Il se sent guidé, car, comme il le dit si bien lui-même, « les artistes sont les phares qui éclairent le monde ». Sa gourmandise, jamais rassasiée, est telle qu’il est difficile de cataloguer son travail ou même de définir posément sa relation à l’art contemporain.
Ses sources d’inspiration sont aussi diverses qu’il existe de variations humaines, de visions et de respirations.

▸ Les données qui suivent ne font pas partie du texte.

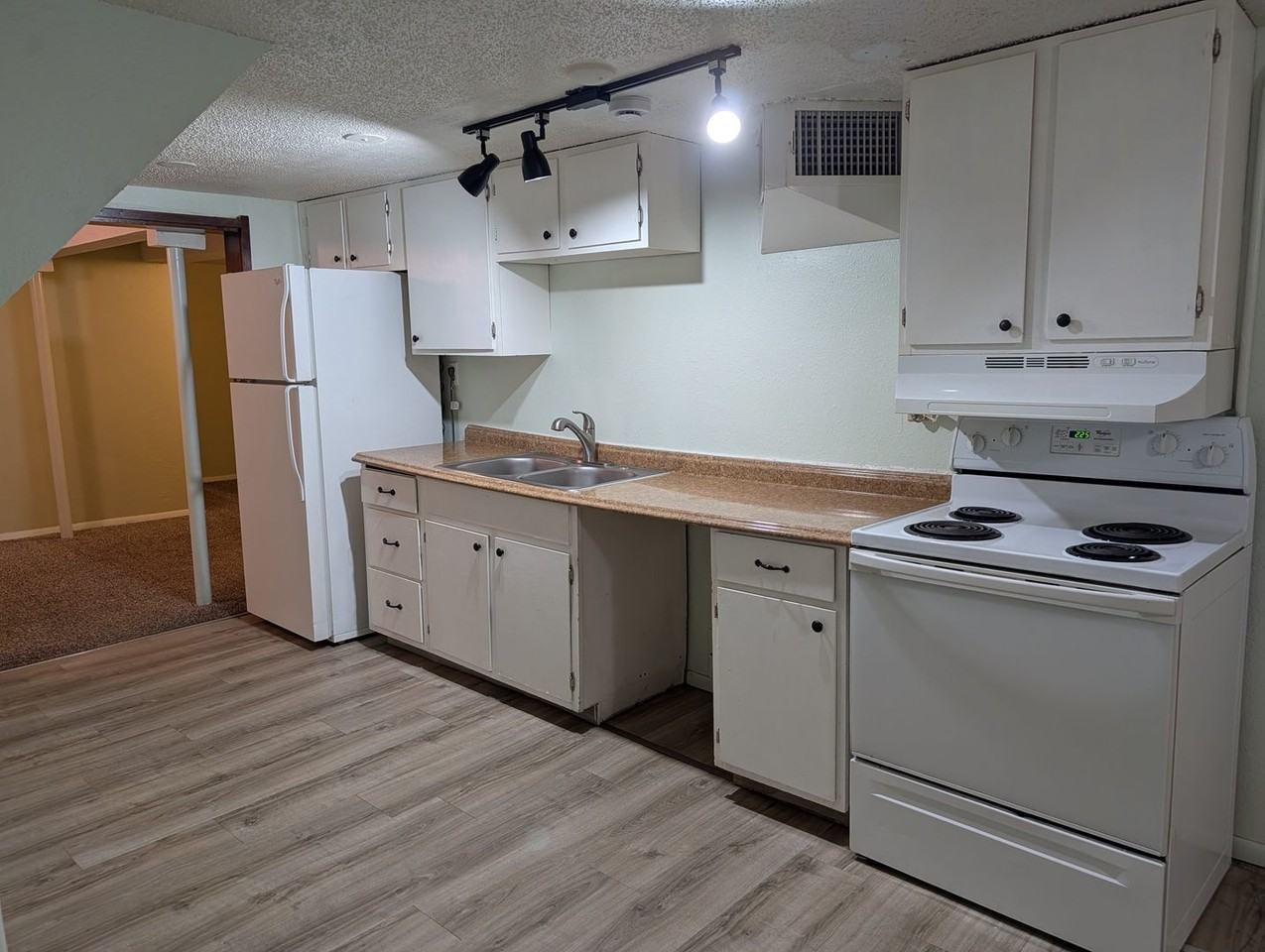 2209 W Colorado Ave - Photo 4 of 14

D’emblée il frappe les esprits en exposant à la FIAC 2000 en compagnie de Combas, un succès immédiat doublé d’une reconnaissance du marché qui le conforte dans sa vision d’un art protéiforme et volontiers subversif.
Et celui que la rédactrice en chef culture de Paris Match, Catherine Schwab, décrit comme « le Jeff Koons français » d’enfoncer le clou et d’enchaîner depuis, avec une belle régularité les performances, séries et vernissages. Sa première exposition est muséale, elle s’ouvre au Wharf, le Centre d’Art Contemporain de Basse-Normandie.

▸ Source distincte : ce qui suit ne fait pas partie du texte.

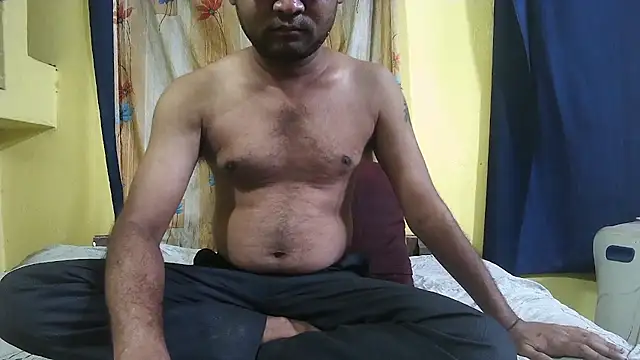 Snapshot of Cute_boy2000 chatting on February 20, 2025, 7:08 pm Cute boy2000 online show from February 20, 2025, 7:08 pm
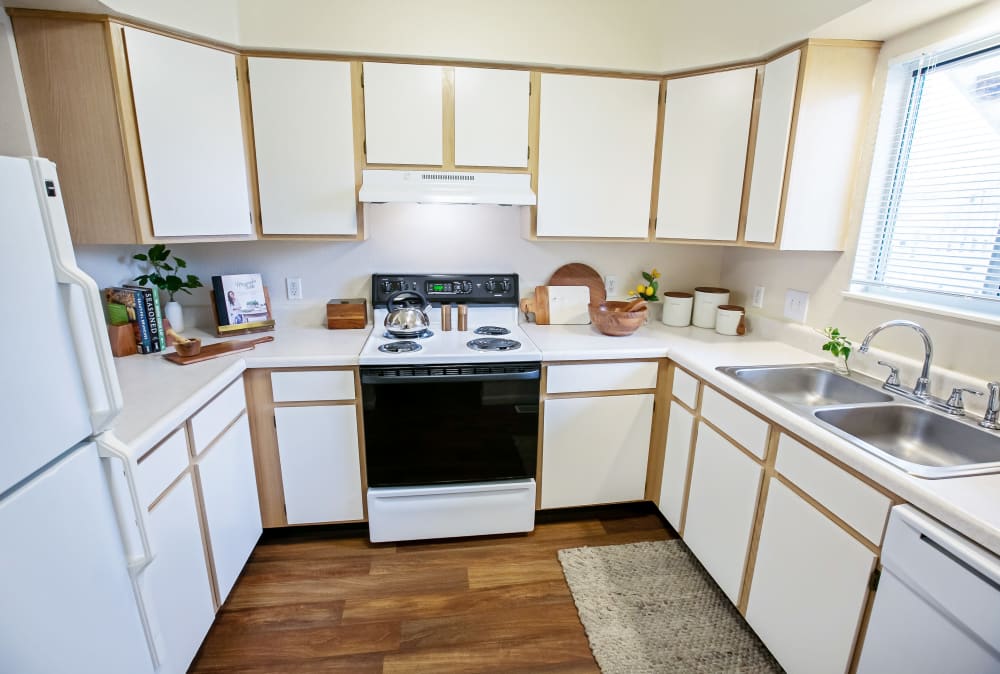Kitchen at Steeplechase Apartments & Townhomes in Toledo, Ohio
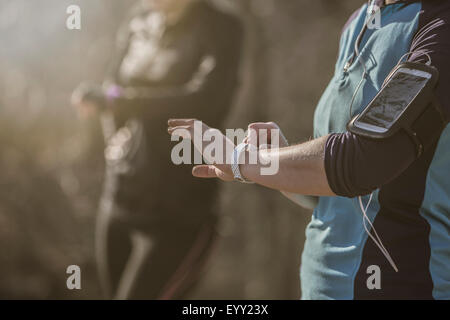 Guide caucasica controllo orologi fitness in foresta Foto Stock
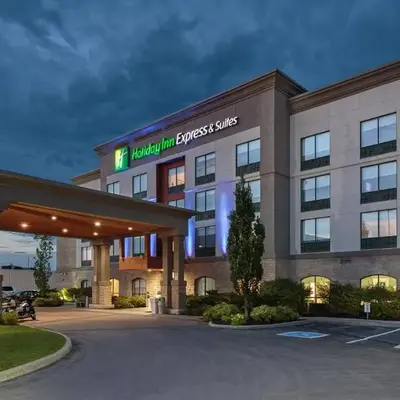 Holiday Inn Express & Suites - Belleville by IHG
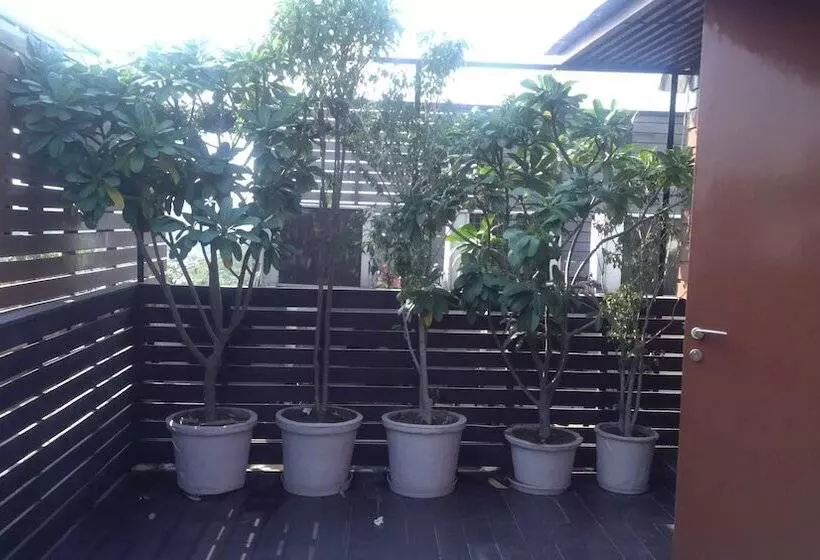 Udman Hotel Panchshila Park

En 2009, il évoque la fin du Polaroid en compagnie de Soulages, Ben, Goude, Villeglé, Erro, Monory, Orlan avec la série d’hybridations bien nommée “Bye-bye Polaroid”. Ce qui fait dire à Isabelle Lefort dans la Tribune : « La rencontre entre Soulages et Gilles Ouaki a viré au génie » . L’année suivante, invité d’honneur à “Paris Photo”, il est désigné comme l’un des dix grands artistes photographes du moment.

Plus récemment, comme un contre-choc de sa série “Guns”, où les armes étaient devenues des objets pop et des sculptures ludiques et ultra-acidulées, il signe “I Lock You”, une opération urbaine et créative par le biais de laquelle il récupère des cadenas accrochés aux grilles du pont des Arts, et ce , afin de les épargner et les revisiter pour les exposer “grandeur nature” au Carrousel du Louvre.

Instigateur de “Street Art”, une nouvelle hybridation et fruit d’une collaboration avec les grands noms du Street Art, de Cope2 à Jef Aérosol en passant par Konny, FenX, Mistic, Thomas le Chat ou Kouka. Gilles Ouaki propose une relecture en couleur de certaines de ses images de meurtres shootées en noir et blanc dans les années 80.


Redrum revisité

Aujourd’hui, pour l’ouverture des 2 galeries, il imagine un coffret livre-objet d’artiste, clin d’œil à l’enfant qu’il n’a jamais totalement cessé d’être, mais aussi hommage à l’histoire de la pellicule argentique. Un objet rare, coloré, fantasque, précieux et inattendu : “ArgentiK”» .

LA FONDATION CHERPANTIER

Le groupe Cherpantier, véritable institution familiale dans le monde de l’immobilier, a pour vocation de rénover, réhabiliter et redonner une âme aux immeubles essentiellement parisiens.
Il compte pas moins d’une centaine d’immeubles à son actif sur lesquels est imprimée la griffe du groupe Cherpantier, gage du savoir-faire familial.
Reconnu comme un partenaire digne de confiance, le groupe Cherpantier a été sollicité à de nombreuses reprises par les plus grands promoteurs nationaux afin de réaliser, en collaboration, des opérations où se mixaient promotion et réhabilitation.

Cédric Cherpantier, président du groupe du même nom, est un amateur éclairé et un grand collectionneur d’art contemporain.

En créant la Fondation Cherpantier, Cédric Cherpantier inaugure deux galeries pour représenter les artistes français et promouvoir la culture auprès d’un large public.

La première dans le Marais,
Gallery 312
314-316 rue Saint-Martin 75003 Paris

La seconde au Marché Dauphine
Gallery 312
Stands 93 - 94 - Marché Dauphine 93400 St Ouen.

Depuis trois ans, la Fondation Cherpantier soutient sous forme de mécénat le travail de l’artiste Gilles Ouaki.